───── INPUT ─────
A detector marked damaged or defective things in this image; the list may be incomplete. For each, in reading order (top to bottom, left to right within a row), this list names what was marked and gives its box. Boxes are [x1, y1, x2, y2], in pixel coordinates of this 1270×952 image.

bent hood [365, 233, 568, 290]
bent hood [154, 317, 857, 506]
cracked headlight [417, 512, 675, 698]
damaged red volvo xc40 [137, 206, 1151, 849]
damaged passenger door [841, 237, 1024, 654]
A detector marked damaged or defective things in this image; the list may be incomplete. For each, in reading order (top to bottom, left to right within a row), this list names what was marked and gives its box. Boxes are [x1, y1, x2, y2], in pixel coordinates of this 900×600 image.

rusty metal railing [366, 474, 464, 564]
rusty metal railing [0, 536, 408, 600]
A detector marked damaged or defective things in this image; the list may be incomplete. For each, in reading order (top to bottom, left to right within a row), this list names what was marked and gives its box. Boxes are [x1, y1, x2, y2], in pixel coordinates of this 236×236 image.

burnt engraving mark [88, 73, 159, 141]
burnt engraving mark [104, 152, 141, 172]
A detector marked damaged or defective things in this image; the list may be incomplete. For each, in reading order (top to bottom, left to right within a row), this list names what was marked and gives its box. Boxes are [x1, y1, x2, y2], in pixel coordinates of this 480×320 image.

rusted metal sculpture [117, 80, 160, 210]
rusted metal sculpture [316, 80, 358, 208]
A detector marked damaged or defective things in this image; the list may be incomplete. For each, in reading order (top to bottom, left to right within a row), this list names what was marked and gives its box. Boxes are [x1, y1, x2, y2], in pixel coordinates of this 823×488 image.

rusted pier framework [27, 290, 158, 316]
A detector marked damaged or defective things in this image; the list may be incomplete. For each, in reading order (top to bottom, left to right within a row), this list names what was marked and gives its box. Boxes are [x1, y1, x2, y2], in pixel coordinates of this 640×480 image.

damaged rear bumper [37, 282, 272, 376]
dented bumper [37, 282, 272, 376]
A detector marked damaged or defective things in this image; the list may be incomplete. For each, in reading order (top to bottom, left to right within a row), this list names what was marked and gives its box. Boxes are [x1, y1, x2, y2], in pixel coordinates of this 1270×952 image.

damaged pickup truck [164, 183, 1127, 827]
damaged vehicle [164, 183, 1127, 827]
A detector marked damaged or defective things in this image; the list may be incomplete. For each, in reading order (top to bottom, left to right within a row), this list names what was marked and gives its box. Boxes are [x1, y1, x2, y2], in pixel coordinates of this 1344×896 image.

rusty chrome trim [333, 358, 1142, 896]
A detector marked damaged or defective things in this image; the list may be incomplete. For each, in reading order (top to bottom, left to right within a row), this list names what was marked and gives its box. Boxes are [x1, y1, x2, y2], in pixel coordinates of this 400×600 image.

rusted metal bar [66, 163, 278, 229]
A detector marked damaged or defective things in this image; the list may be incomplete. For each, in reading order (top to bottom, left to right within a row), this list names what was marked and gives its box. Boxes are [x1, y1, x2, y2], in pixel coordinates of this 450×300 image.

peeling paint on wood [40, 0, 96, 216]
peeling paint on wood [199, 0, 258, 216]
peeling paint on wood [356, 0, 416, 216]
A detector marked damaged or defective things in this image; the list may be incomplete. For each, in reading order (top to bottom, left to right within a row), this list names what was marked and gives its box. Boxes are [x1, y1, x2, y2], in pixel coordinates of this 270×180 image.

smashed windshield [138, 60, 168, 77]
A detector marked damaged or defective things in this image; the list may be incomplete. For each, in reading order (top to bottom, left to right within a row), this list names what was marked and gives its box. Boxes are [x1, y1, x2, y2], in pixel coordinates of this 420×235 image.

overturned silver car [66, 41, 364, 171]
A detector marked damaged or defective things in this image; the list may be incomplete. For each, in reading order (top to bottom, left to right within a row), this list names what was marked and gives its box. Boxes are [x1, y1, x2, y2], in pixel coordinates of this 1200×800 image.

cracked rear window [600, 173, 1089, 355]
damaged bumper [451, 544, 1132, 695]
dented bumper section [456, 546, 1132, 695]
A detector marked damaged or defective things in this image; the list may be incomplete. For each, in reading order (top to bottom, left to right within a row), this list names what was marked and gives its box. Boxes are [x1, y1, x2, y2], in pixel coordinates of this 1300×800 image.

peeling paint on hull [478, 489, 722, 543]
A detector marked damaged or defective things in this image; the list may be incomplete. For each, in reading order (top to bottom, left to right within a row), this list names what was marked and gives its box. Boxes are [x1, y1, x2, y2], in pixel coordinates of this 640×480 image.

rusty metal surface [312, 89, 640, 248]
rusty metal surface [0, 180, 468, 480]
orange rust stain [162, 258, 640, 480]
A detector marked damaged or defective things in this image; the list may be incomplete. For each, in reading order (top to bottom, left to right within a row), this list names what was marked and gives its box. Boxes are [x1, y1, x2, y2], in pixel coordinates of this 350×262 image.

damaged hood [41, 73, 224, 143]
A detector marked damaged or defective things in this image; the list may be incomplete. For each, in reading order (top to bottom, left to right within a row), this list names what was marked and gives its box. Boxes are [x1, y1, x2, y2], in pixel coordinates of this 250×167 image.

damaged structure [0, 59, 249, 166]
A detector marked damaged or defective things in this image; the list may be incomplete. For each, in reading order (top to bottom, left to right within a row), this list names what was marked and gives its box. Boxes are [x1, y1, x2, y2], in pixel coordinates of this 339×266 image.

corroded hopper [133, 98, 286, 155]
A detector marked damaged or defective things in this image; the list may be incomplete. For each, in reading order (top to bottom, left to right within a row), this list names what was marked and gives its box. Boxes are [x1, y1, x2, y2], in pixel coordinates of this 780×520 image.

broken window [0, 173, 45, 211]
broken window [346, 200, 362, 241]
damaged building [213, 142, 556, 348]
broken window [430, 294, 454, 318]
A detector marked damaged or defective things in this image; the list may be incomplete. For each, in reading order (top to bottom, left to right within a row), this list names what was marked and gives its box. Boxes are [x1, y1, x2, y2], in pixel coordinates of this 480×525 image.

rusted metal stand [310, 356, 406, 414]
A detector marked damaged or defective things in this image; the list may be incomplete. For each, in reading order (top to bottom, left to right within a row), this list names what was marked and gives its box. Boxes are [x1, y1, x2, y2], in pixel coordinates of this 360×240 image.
─────
Take the line holding "this 480×525 image." and all lines after it through the end of the data, and set them down exactly.

A detector marked damaged or defective things in this image; the list may be incomplete. For each, in reading order (top to bottom, left to right within a row), this list names what was marked and gives its box. Boxes are [x1, y1, x2, y2], in pixel coordinates of this 480×525 image.

rusted metal stand [310, 356, 406, 414]
A detector marked damaged or defective things in this image; the list may be incomplete. For each, in reading order (top to bottom, left to right within a row), this list names what was marked and gives its box. Boxes are [x1, y1, x2, y2], in pixel coordinates of this 360×240 image.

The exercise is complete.